- Credibility:
LITTLE VILLAGE — A vacant storefront on 26th Street will soon be home to a new cafe and incubator co-working space in Little Village.
With help from a $250,000 grant from the city’s Neighborhood Opportunity Fund, The Little Village Chamber of Commerce will be converting the empty storefront at 3534 W. 26th St. into Xquina Cafe. Expected to open in 2019, the cafe aims to be a community hub where Little Village residents can stop by for coffee and pan dulce and take advantage of a wide range of entrepreneurial workshops.
Juan Saldana, associate director of the chamber’s Small Business Development Center, said the cafe will fill a void along the popular corridor.
“There’s not really any coffee shops on 26th Street,” Saldana said. “We have a ton of restaurants, which is great, but typically what happens is there are loud noises, people are eating, you can’t sit down, focus … and do homework.”
RELATED: 33 South And West Side Businesses Get $5 Million In City Grants

The two-story, 6,000-square-foot spot hopes to solve that problem. Xquina Cafe will feature a coffee bar, wifi, workspaces, designated area for workshops and a conference room on the first floor.
Design Bridge designed the renderings for interior space.

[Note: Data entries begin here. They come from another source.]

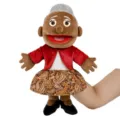 Plush family hand puppet toy grandma character variant with red jacket and patterned skirt. - Full-Body Open-Mouth Black Grandmother Hand Puppet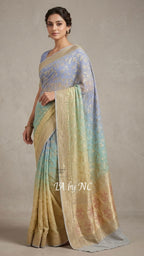 Pigeon Banarasi Pure Khaddi Georgette Saree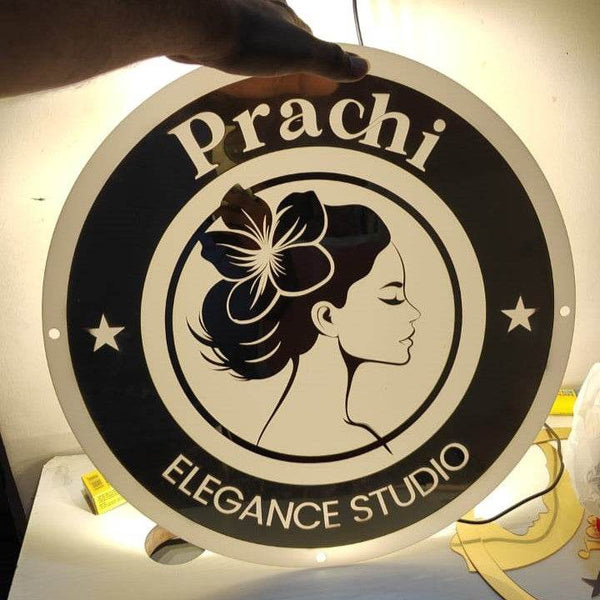 Custom Acrylic Round Name Plate & Business Sign Board - IG Store
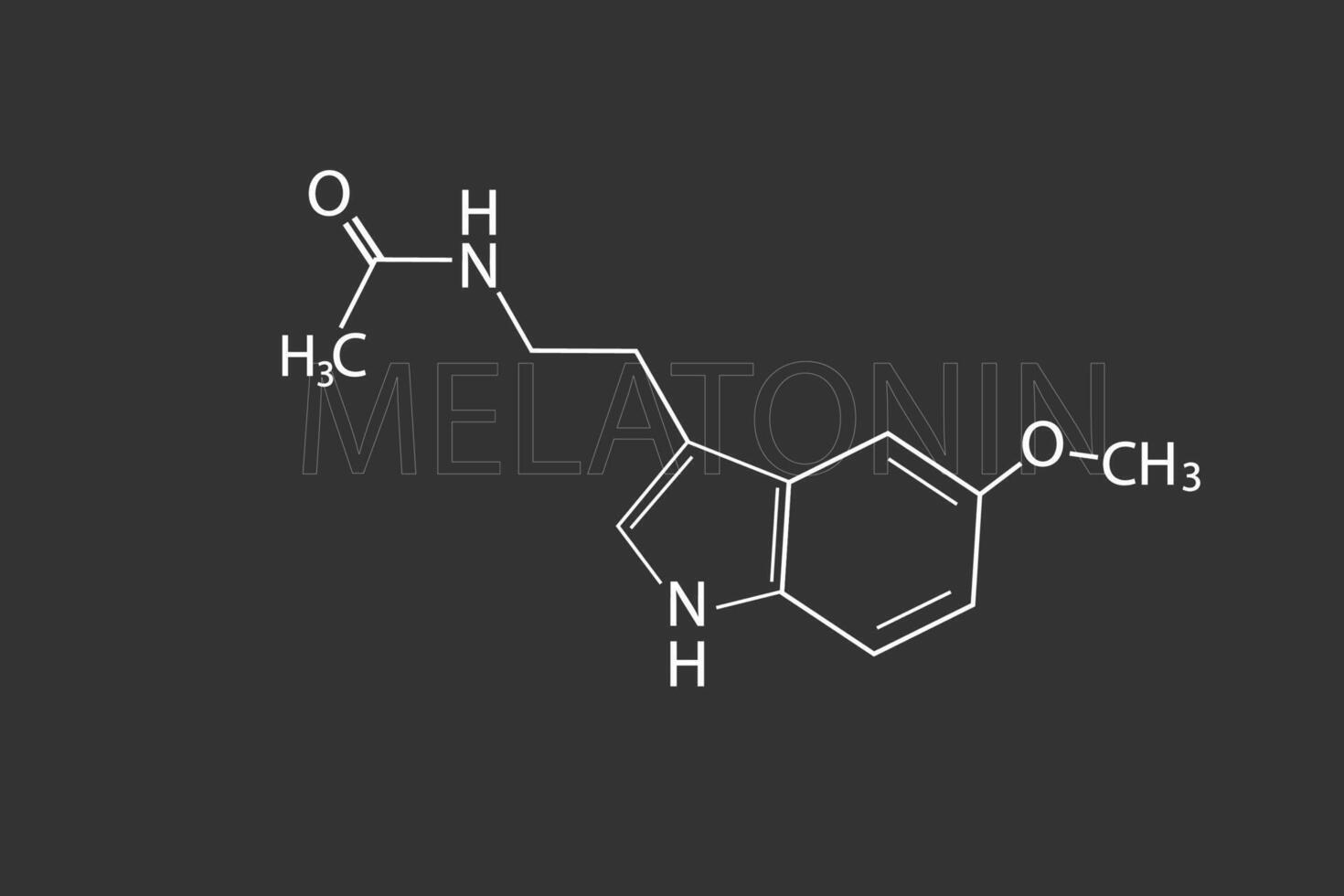 melatonina molecular esquelético químico fórmula vector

For $30 a month, members will have unlimited access to the second floor, which includes additional co-working areas, multimedia rooms and more conference rooms. Six private office spaces will be offered for rent starting at $650-$800 per month which includes access to all second-floor amenities, mail service and monthly cleaning.
Jaime di Paulo, executive director of the Little Village Chamber of Commerce, said this project will be a “game changer” for the community.

“There are 100 incubator spaces in Downtown, but there is nothing like that in Little Village,” he said. “Some people can’t necessarily get to Downtown.”
An additional $250,000 will be raised through a capital campaign to make the project a reality, di Paolo said.
Saldana and di Paulo said they plan to partner with different organizations to offer workshops and trainings open to all Little Village residents, aspiring entrepreneurs and current business owners in the area.
“This is different than going to a library. People can get together, engage in peer-to-peer learning and then there’s an added advantage of being on 26th street,” Saldana said. “We can get partners involved to create programs and workshops … where young people can learn about business, tech, journalism, marketing. Anything that is relevant, interesting and a benefit to the community.”
The idea for the incubator and cafe emerged after the chamber conducted a feasibility studying the area’s population. They found that 33 percent of the Little Village residents are between the ages of 18 and 35.
Following the study, the Little Village Chamber of Commerce looked at ways to create a gathering point for millennials in the area that is “culturally relevant and caters to the Little Village population,” Saldana said.
“Young people are going to Pilsen, Cicero or Back of the Yards, they aren’t staying here because there isn’t a place where they can kind of hang and do work,” Saldana said.
Saldana said the chamber is working with the current property owner for the conversion and will assume part ownership and manage the property. The chamber aims to create an advisory committee to select a local vendor for the cafe’s coffee and baked goods.
Di Paulo said Xquina Cafe will be a tremendous investment for “businesses and the community as a whole.”
He reiterated that the space would provide a much needed resource in Little Village to engage the younger population while also supporting the existing businesses in the area.
“If we don’t invest money in our community, in the commercial corridor, that [identity of 26th Street] is going to go away,” di Paulo said. “We don’t want to lose that.”

The Neighborhood Opportunity Fund program allows developers to pay a fee to build bigger and taller projects in an expanded Downtown area. Eighty percent of fund dollars are then used to support commercial projects in blighted neighborhoods.